What have we done to our own planet? We have plundered its resources, poisoned its atmosphere, polluted its rivers and filled its seas with garbage. We have managed to pollute even the space around our planet with our junk.
Instead of starting to wreck another environment with our apparently insatiable appetite for throwaway goods or luxuries that we enslave ourselves to debt to buy, we would be better cleaning up the mess we have already made and distributing our assets more evenly across our own planet.
J A G Brown, Gloucester
Replaceable batteries could keep electric cars on the road
A lot has been written about the range and refuelling time for electric vehicles. However, in the clamour for rapid charging and the provision of charging stations, the use of easily replaceable battery modules is rarely mentioned.
Is it so impossible to configure a larger version of the system used for electric drills? Swappable battery modules might not fit into small cars but small SUV-sized vehicles, and larger, might be designed to take them.

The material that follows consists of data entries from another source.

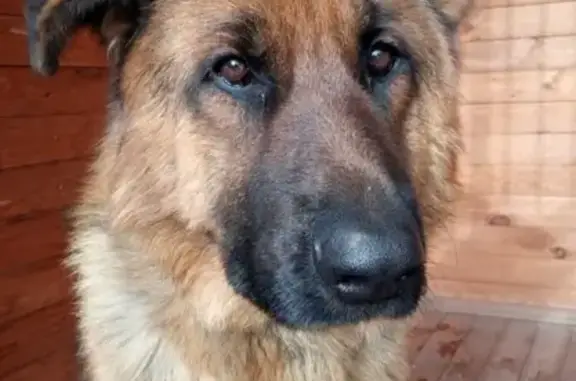 Найдена собака на Оренбургском тракте, ищем хозяев.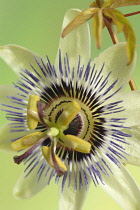 Passion flower, Passiflora caerulea.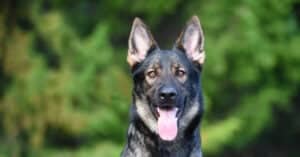 close up of a Sable Black German Shepherd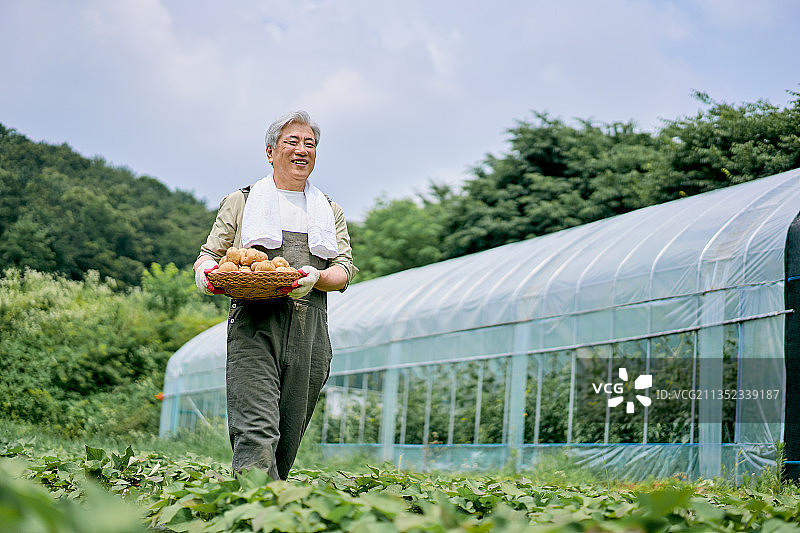 农民蔬菜直供农业种植园图片素材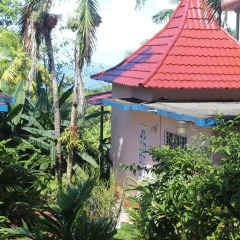 Отель Rio Vista Resort 2* Вилла с различными типами кроватей фото 29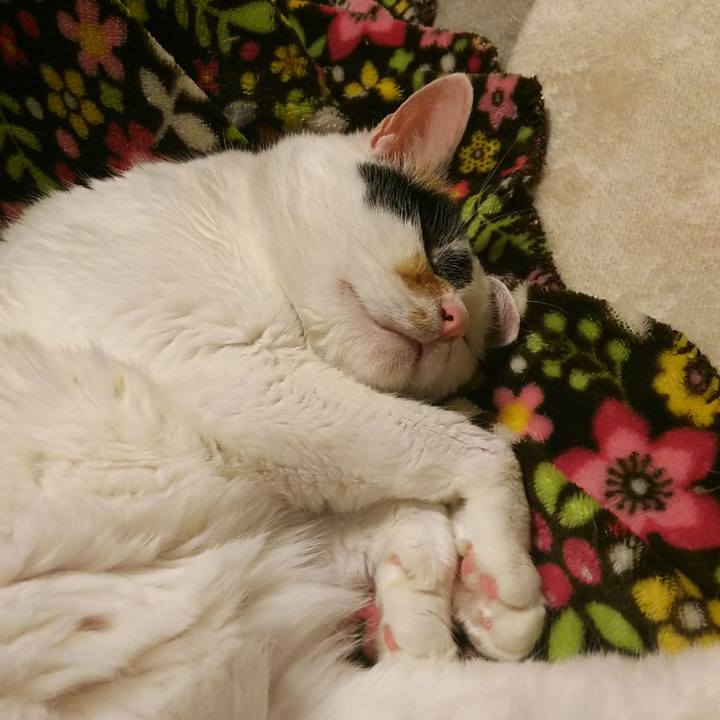 D55d5482 4d6f 4903 898e 4a4bd638f5ac 1540037773721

The system would be similar to that used for propane and butane cylinders. At the refuelling station, there would be cobots to help take the used battery out of the vehicle and replace it with a fully charged one. The price of any remaining charge in the used battery would be deducted from the cost of the exchange unit. Refuelling would be quicker, cleaner and safer than having to stand on a windy forecourt pumping petrol.
The battery units would have to make good thermal contact with the vehicle for cooling. Rapid charging would not be necessary, however, so the associated thermal problems would not occur. Slow charging at home would still be possible.

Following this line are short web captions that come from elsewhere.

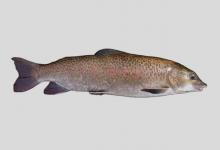 萨氏细鳞鲑是什么鱼？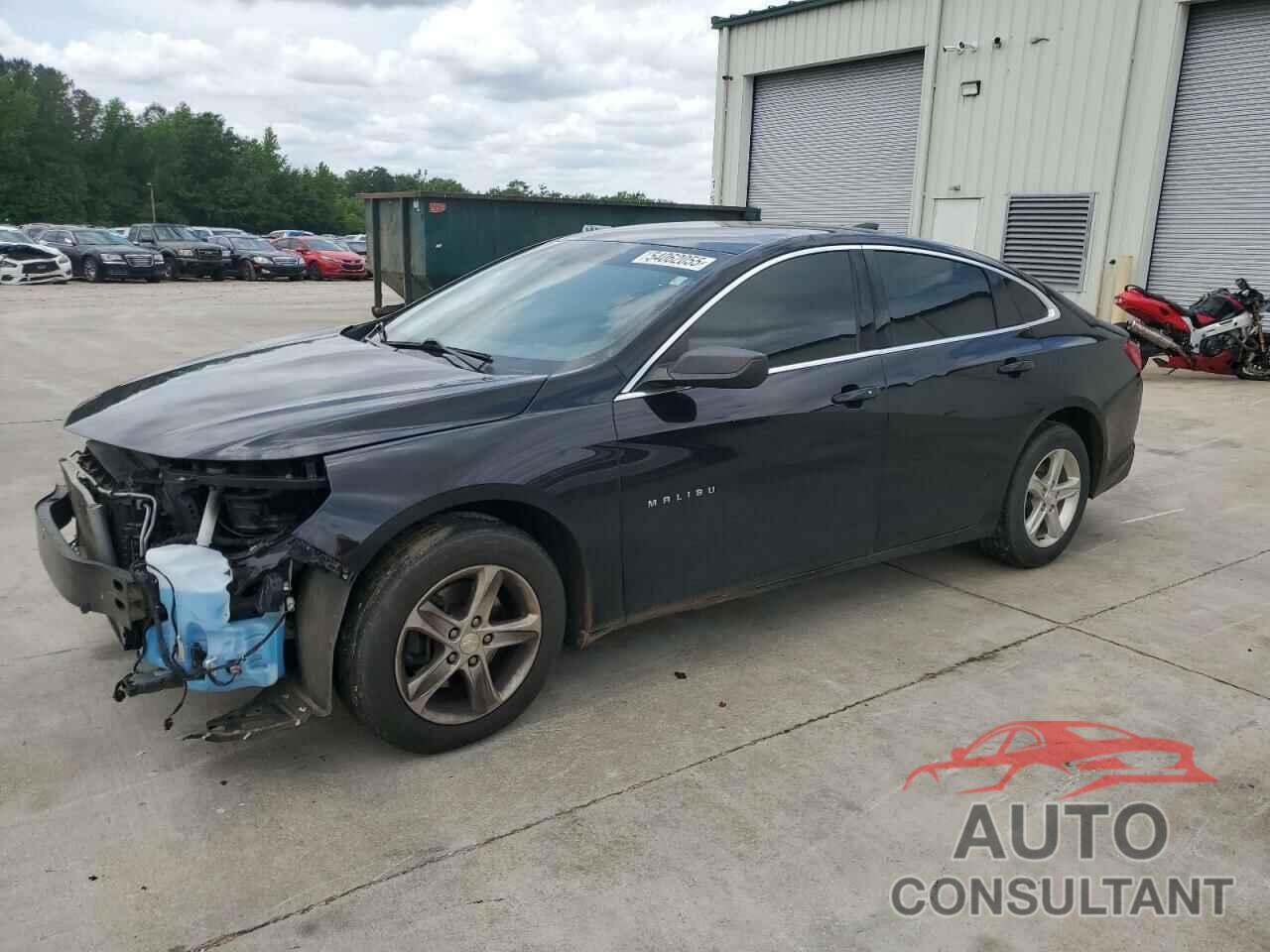 CHEVROLET MALIBU 2019 - 1G1ZB5ST7KF185663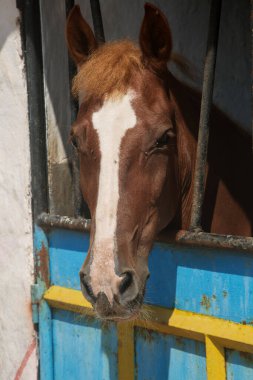 Ahırdaki çayırdaki at
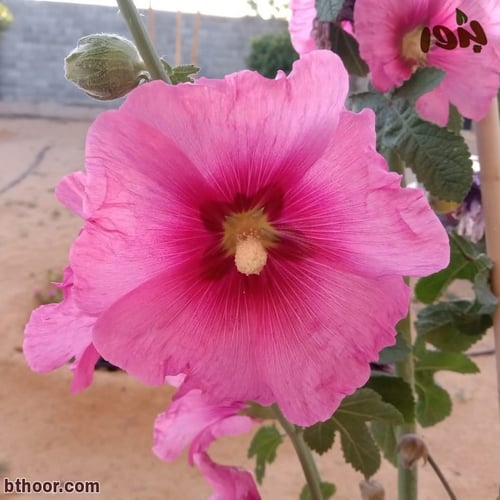 بذور خطمية وردي-ختمية ( Althaea pink )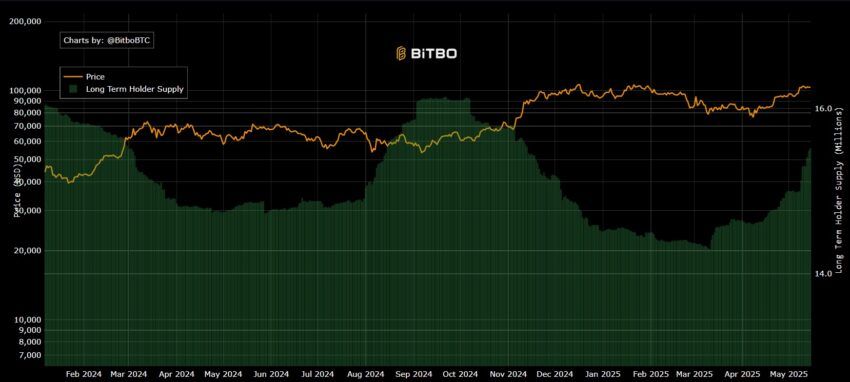 holders btc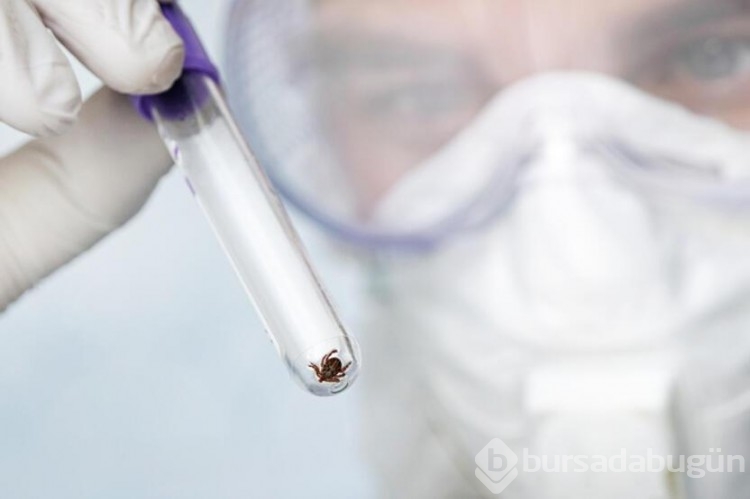 İngiltere'de Ebola benzeri ölümcül virüse rastlandı!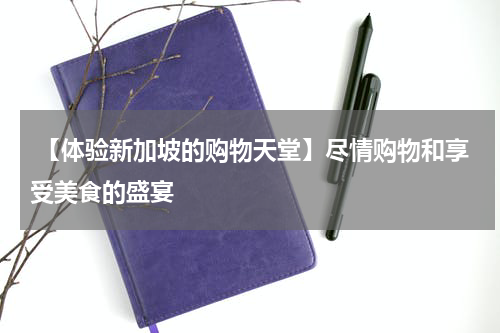 【体验新加坡的购物天堂】尽情购物和享受美食的盛宴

Standardising the modules would enable refuelling at any roadside station. Also, the rescue services could carry spare modules to vehicles stranded after running out of charge.

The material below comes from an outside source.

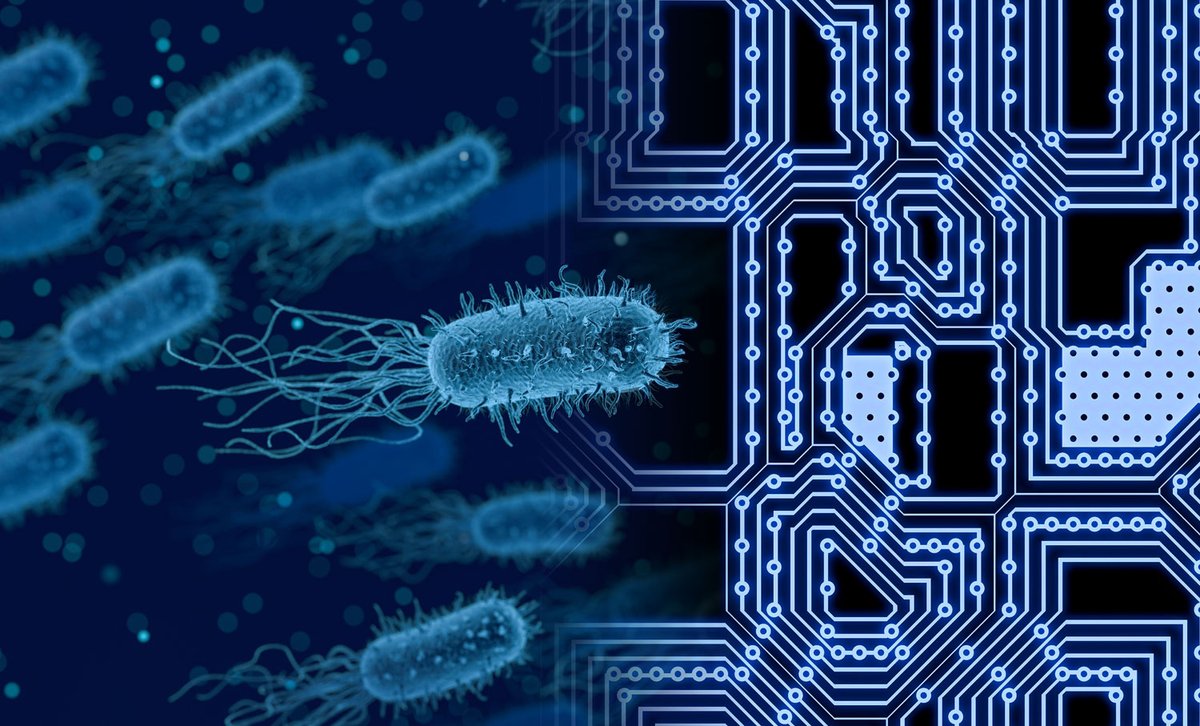 Very excited to announce we have a three-year PostDoc position available in our lab at the University of Oxford! We are looking for candidates with SynBio/Biotechnology expertise who can  start early-mid 2022 . my.corehr.com/pls/uoxrecruit…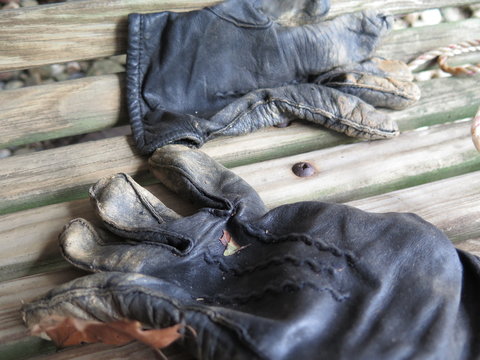 The Gardener's Gloves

Clive Renton, Chippenham, Wiltshire
Let's back the Moltex system
I fully endorse Rich McEachran’s analysis of the dire situation for our energy supply, and that there is an essential need for strong investment in nuclear to secure our future.
However for nuclear to significantly advance it needs to achieve high safety, much reduced cost, be able to load-follow, address legacy waste and achieve non-nuclear proliferation.
Sadly I cannot concur with Rich’s proposed solution as Rolls-Royce even in their marketing brochure which shows their system with elaborate safety systems openly admits their generational costs will be similar to current nuclear systems. These are widely acknowledged as much too high.
By contrast the British-developed Moltex small modular reactor solution would appear to be the only system to fully achieve all of the above requirements. Its unpressurised high output temperature system with negative reactivity (it naturally shuts down at 900°C, well below deformation levels of the steels used) makes for a compact unit, much cost reduced, and so reduced nuclear island. With its high temperature output, and load-following capability, it not only gives better thermal efficiency but it uses competitively priced generating equipment.
The Moltex system has been rigorously peer reviewed, demonstrating power prices highly competitive with the best on offer today, unlike the Hinkley C costing. Their emphasis on recycling spent fuel, and in time the use of thorium as fuel, address the other two criteria.
It is a great tragedy that this excellent British invention, which could provide many jobs and much-needed export potential, should fail to get backing in the UK and reluctantly have to go to North America for support, which is amply on offer, in its final drive to meet the costs of regulatory approval.